Access to abortion underpins the ability of women to manage their lives, and in many cases to care for the children they already have. Abortion is also a time-sensitive procedure. Unlike screening mammograms and Pap smears, women cannot wait until the epidemic is over to get the abortion care they need.
How did we get into this situation, where prescription medications must be picked up in a clinic or doctor’s office before being taken at home? The FDA established Risk Evaluation and Mitigating Strategy (REMS) restrictions on medication abortion that forbid retail pharmacies from stocking mifepristone — one of two FDA-approved medications used in tandem to end a pregnancy — and require that it be dispensed only by certified practitioners in “clinics, medical offices and hospitals.”
These restrictions are unnecessary and delay timely access to medication abortion in the best of times. Now, when some governors are trying to use the epidemic as an excuse to ban abortion by ruling it “non-essential,” women in those states may have to travel hundreds of miles during a pandemic to be seen in-person at a clinic, even though they are allowed to swallow the pills at home. We believe the FDA should allow pregnant people to get the pill where they take the pill – at home, and not require them to make an unnecessary and risky visit to a clinic.
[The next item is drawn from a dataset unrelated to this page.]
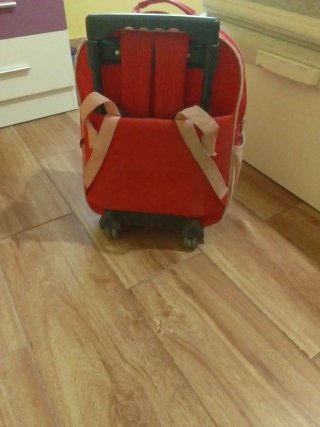 Mochila escolar roja con unicornio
The FDA has a clear legal authority to end these restrictions on medication abortion. In fact, the FDA has already relaxed REMS restrictions on other, more dangerous, drugs such as Turalio and clozapine. The FDA took that step on March 22. And yet, the FDA has let over four weeks go by without taking any action on medication abortion.
Why is the FDA not doing what needs to be done and instead of leaving restrictions on medication abortion in place? As long-time advocates for women’s health who have personal experience with the FDA’s handling of reproductive health technologies, we suspect that it is a combination of self-censorship and outside political pressure. One of us (SW) was Assistant Commissioner for Women’s Health at the FDA when the Bush administration ignored the recommendations of scientists and stopped the agency from approving emergency contraception pills (Plan B) for over-the-counter use in 2005. One of us (CP) observed first-hand the impact the FDA’s fear of the anti-abortion movement had on its decision-making process for the initial approval of medication abortion drugs.
It took a lawsuit and ten years of work for FDA to do the right thing and simply approve emergency contraception pills for over the counter use with no age restrictions. But we don’t have time for lawsuits and long advocacy campaigns during an epidemic.
The physicians and scientists at FDA know what they should do, and FDA leadership must step up in the face of COVID-19. FDA protected the health of other types of patients by allowing telemedicine and relaxing REMS restrictions over a month ago. The U.K. protected the health of patients using early medication abortion weeks ago. The FDA must lift its restrictions and protect medication abortion patients in the United States now. Every day makes a difference.
Susan F. Wood is a former FDA assistant commissioner for Women’s Health and a professor of health policy and management at George Washington University; she currently teaches online from the UK. Cynthia A. Pearson is the executive director of the National Women’s Health Network.